- REQUIREMENT
Please return only the lines between the line with "Pearls Black Pitted" and the final line of the entries, both included, and exclude pictures.

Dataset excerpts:
----
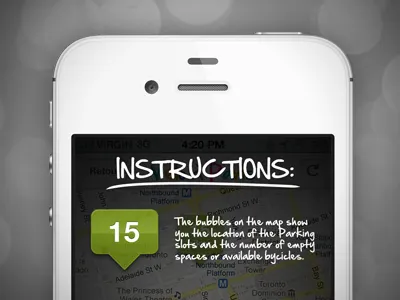 Bike Parkspots Tracking App Introduction Screen app application bicycle bike city design gui interface ios iphone mobile tracking ui ux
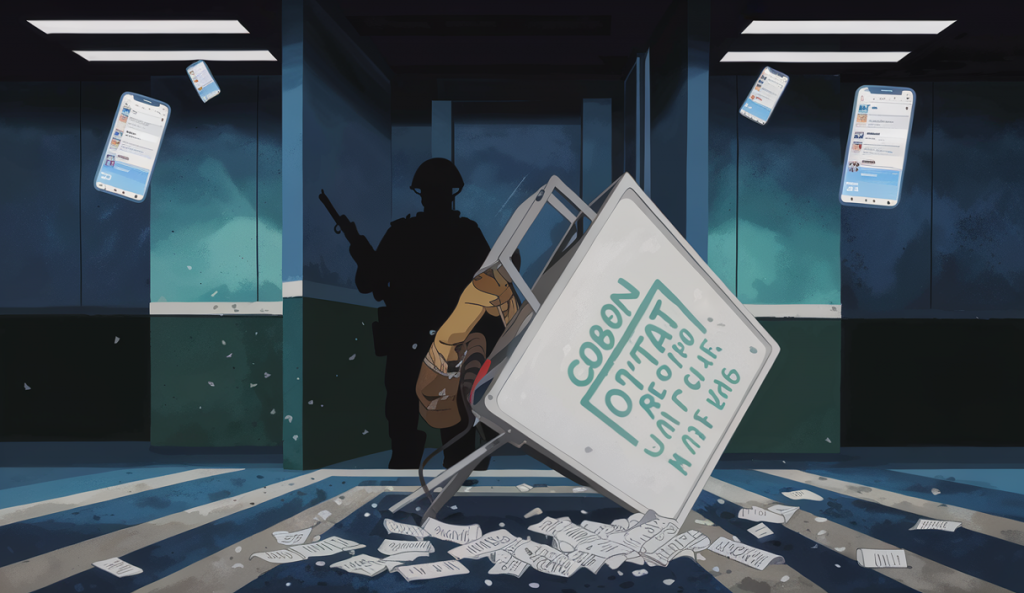 Illustration symbolique représentant l'impact d'un coup d'État sur les élections présidentielles au Gabon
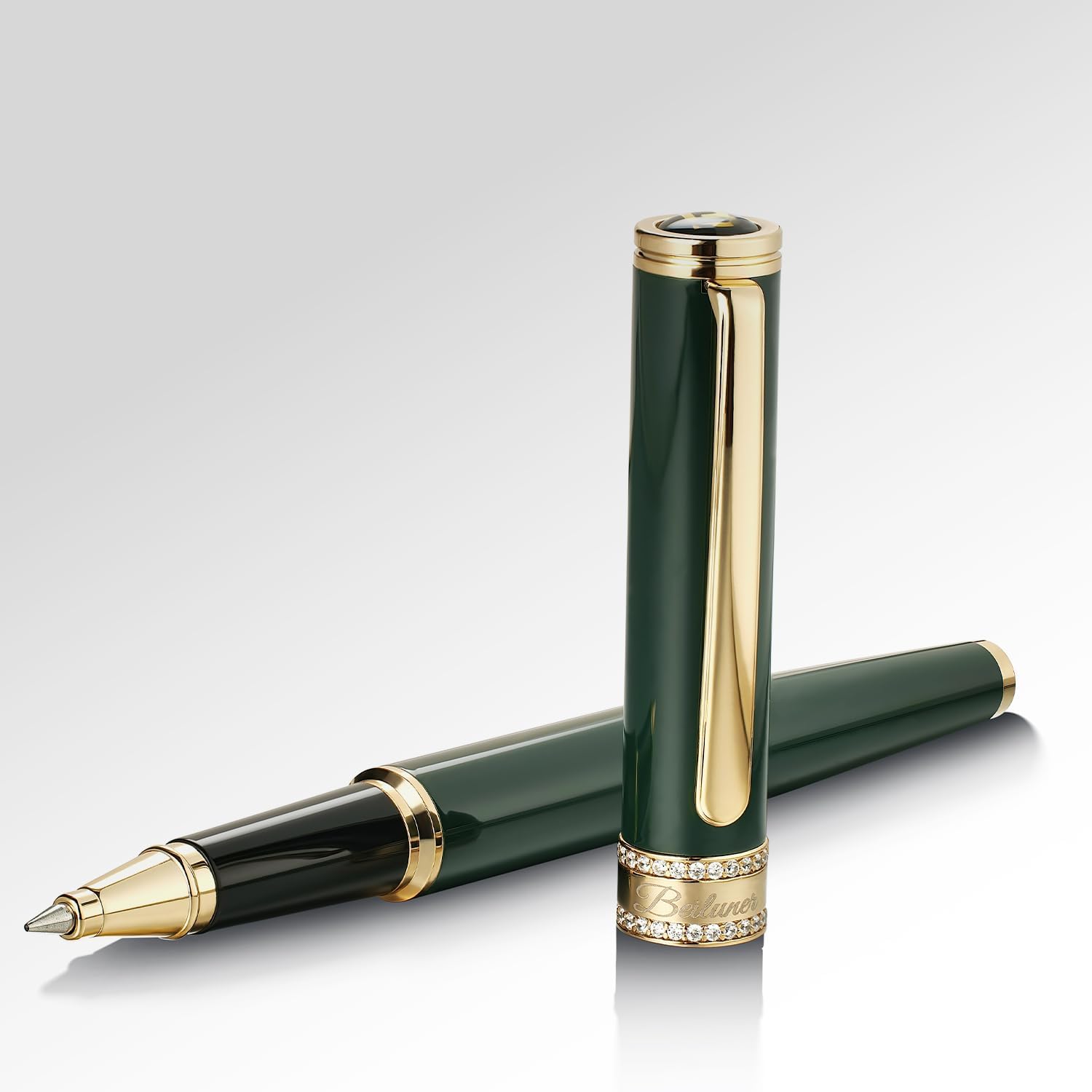 BEILUNER Green Lacquer Rollerball Pen, Diamond-Studded Cap Design, 24K Gold Trim, Noble and Elegant, Schneider Ink Refill, Best Pen Gift Set for Women & Men, Professional, Business Office, Nice Pens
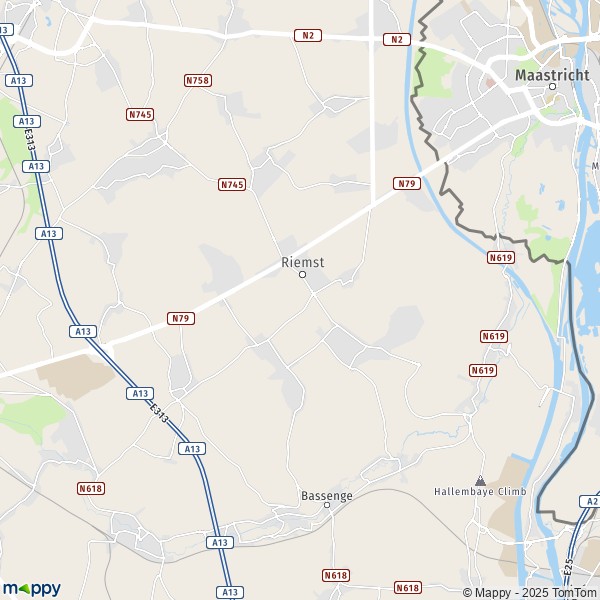 De kaart voor de stad 3620-3770 Riemst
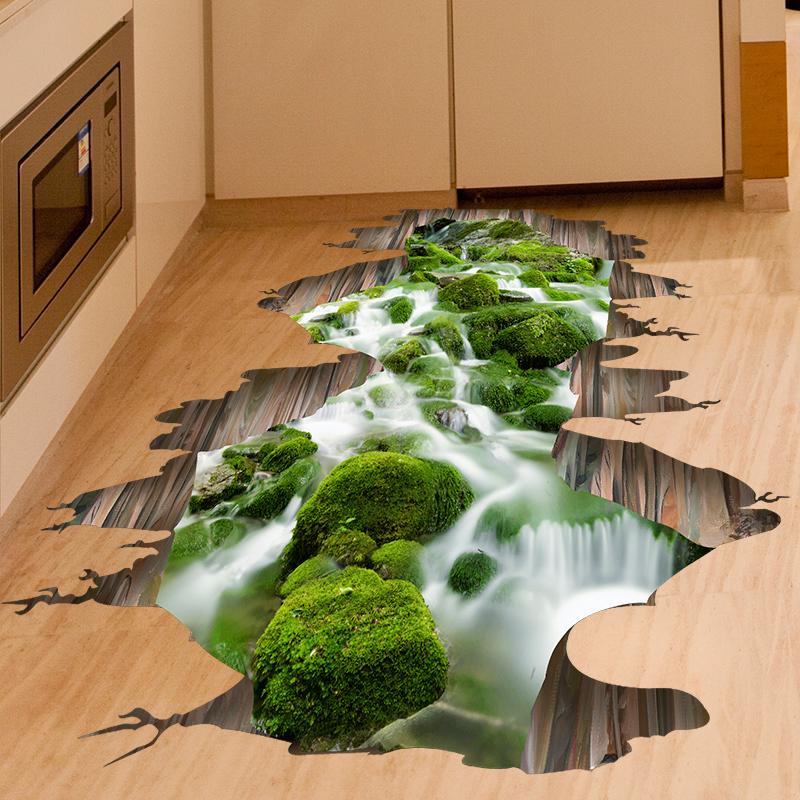 3D立体感墙贴纸贴画客厅厨房地板地贴溪流山水风景画防水自粘墙画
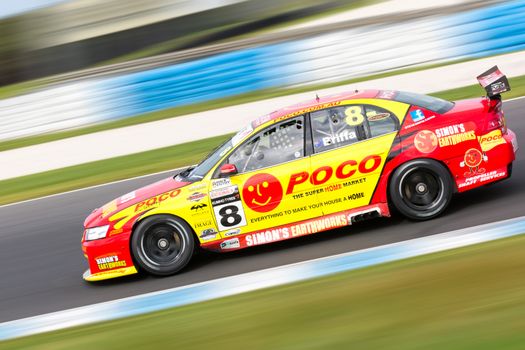MELBOURNE/AUSTRALIA - SEPTEMBER 10, 2016: Steve Briffa behind the wheel of the Poco/Simons Earthworks Commodore for qualifying at Round 6 of the Shannon's Nationals at Phillip Island GP Track in Victoria, Australia - 9-11 September.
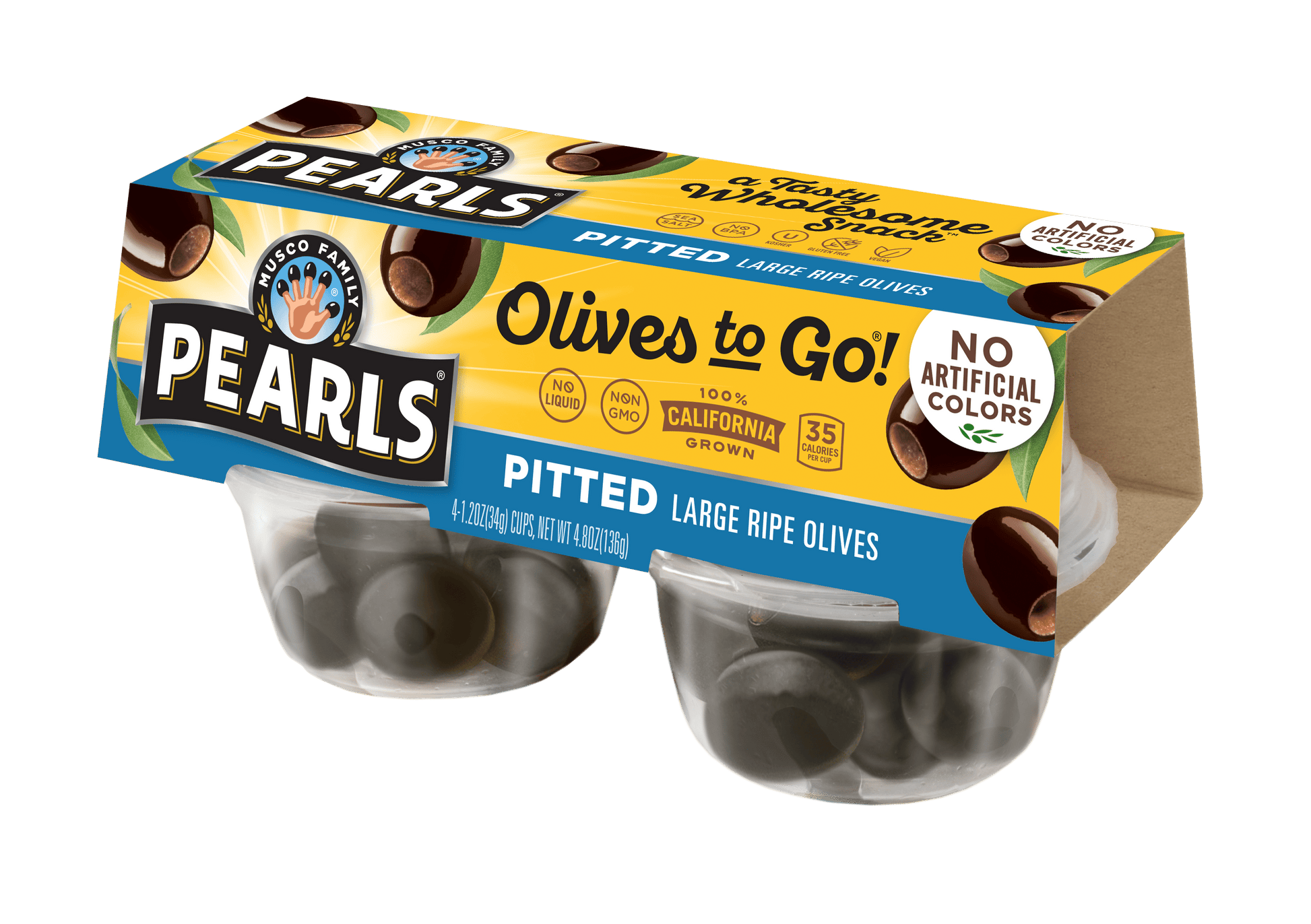 Pearls Black Pitted Large California Ripe Olives, 4 Pack, 1.2 Oz. Cup. Major Allergens Not Contained.
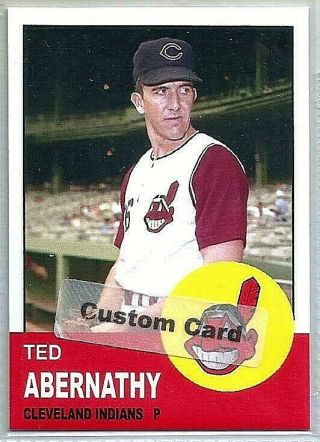 Ted Abernathy Cleveland Indians 1963 Style Custom Made Baseball Card Blank Back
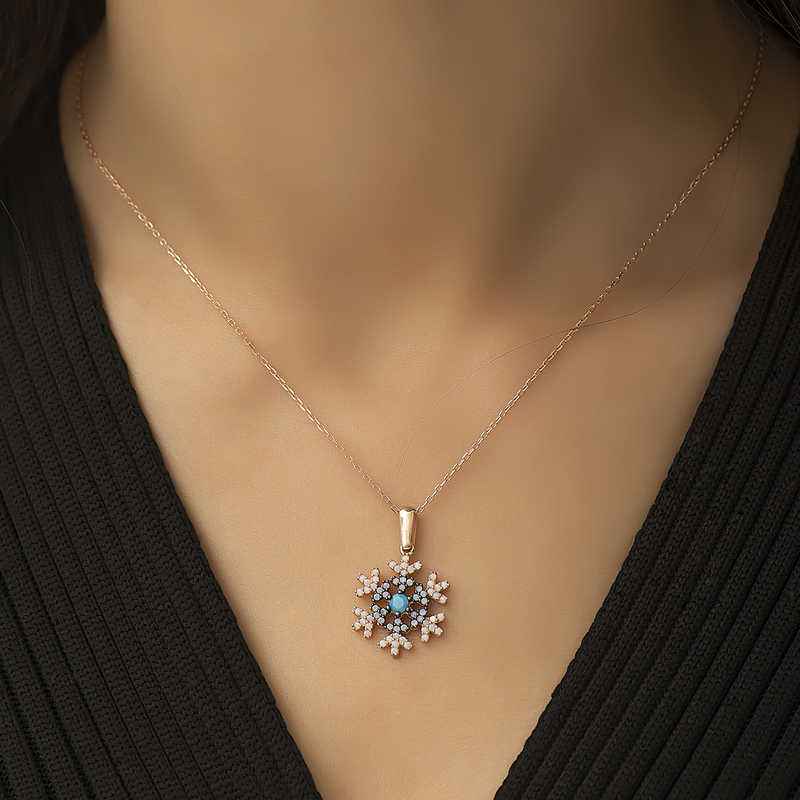 Rose Gold Plated Snowflake Women's Silver Necklace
----
- SOLVED EXERCISE
 Pearls Black Pitted Large California Ripe Olives, 4 Pack, 1.2 Oz. Cup. Major Allergens Not Contained.
 Ted Abernathy Cleveland Indians 1963 Style Custom Made Baseball Card Blank Back
 Rose Gold Plated Snowflake Women's Silver Necklace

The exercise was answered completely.